World

Monitoring group reports steep rise in antisemitism in Germany last year

RIAS said well over half of the 4,782 incidents came after Hamas’s attack on Israel last October.

A group that tracks antisemitism in Germany has said it recorded an overall increase of more than 80% in incidents last year (Kay Nietfeld/dpa/AP)
A group that tracks antisemitism in Germany has said it recorded an overall increase of more than 80% in incidents last year (Kay Nietfeld/dpa/AP) (Kay Nietfeld/AP)

A group that tracks antisemitism in Germany has it recorded an overall increase of more than 80% in incidents last year, with well over half of the total coming after Hamas-led militants attacked Israel in early October.

The Federal Association of Departments for Research and Information on Antisemitism (RIAS) said it recorded 4,782 antisemitic incidents in 2023, ranging from anti-Jewish comments to attacks, compared with 2,616 in 2022.

The group said 2,787 of last year’s recorded incidents – more than the previous year’s total – took place after the October 7 attack by Hamas on Israel, which triggered the ongoing war in Gaza.
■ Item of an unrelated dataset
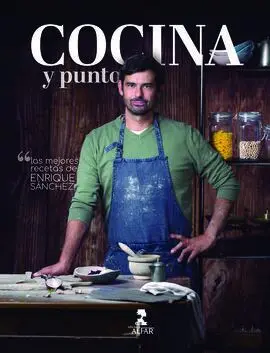 Cocina y Punto - las Mejores Recetas de Enrique Sa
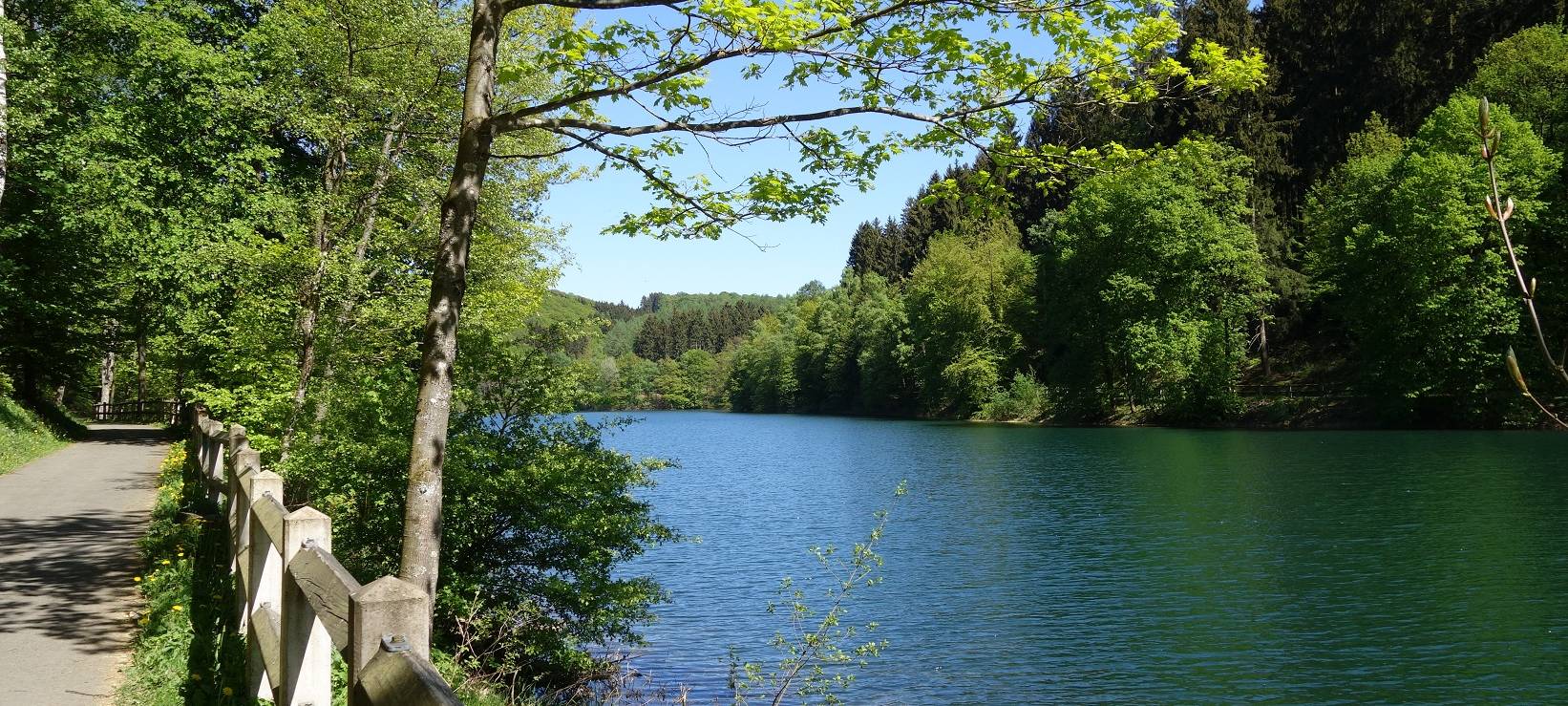 Ohne Talsperren wäre die Ruhr teils trockengefallen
Those incidents included a mid-October attack on a synagogue in Berlin, which caused widespread alarm.

The incidents RIAS documented last year included seven cases classified as “extreme violence”, which did or could endanger lives or result in severe injury, 121 attacks, 329 cases of targeted damage to property, 183 threats and 4,060 incidences of offensive behaviour.

RIAS director Benjamin Steinitz said: “An open … but above all carefree Jewish life has become even less possible in Germany as well since October 7.”

Of last year’s incidents, 1,583 took place in the street, more than double the previous year’s figure, and 999 on the internet – an increase from 853 in 2022.

RIAS recorded 471 incidents at educational institutions and 311 on public transport, both more than double the previous year.

A senior official with Germany’s Central Council of Jews, Daniel Botmann, said: “We are not currently seeing the effect of an emigration of Jews from Germany”, contrasting that with movement that has been seen from neighbouring France in recent years.